Career guidance is crucial for social mobility. Young people make choices based on what they know and what they think is available to them. In short, their choices are ripe for misconception. After all, ‘you don’t know what you don’t know.

A young person’s knowledge depends on the careers guidance received at college or at home and this is very inconsistent. It means that someone who goes to a school or college in a ‘cold spot’ or does not have access to ‘social capital’ at home will make poorer career choices. This is unfair.

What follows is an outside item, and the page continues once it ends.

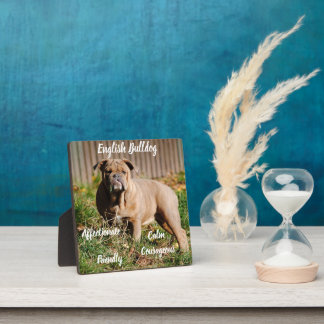 Engelse Bulldog Plaquette met Ezel Fotoplaat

If young people knew what careers options were available to them, then they would be able make more informed choices about which qualifications and routes to take. Instead, children from less advantaged backgrounds tend to make choices based on limited options, believing that family, gender or ethnicity are restricting factors, in turn, conforming to this false ideology.

So, what is Gatsby?

In 2013 Sir John Holman was commissioned by the Gatsby Foundation to research individuals are less likely to make the wrong choices at the beginning of their career preventing difficulties later down the track. It also means that with the right advice, young people can be aspirational and believe that they can achieve their dreams.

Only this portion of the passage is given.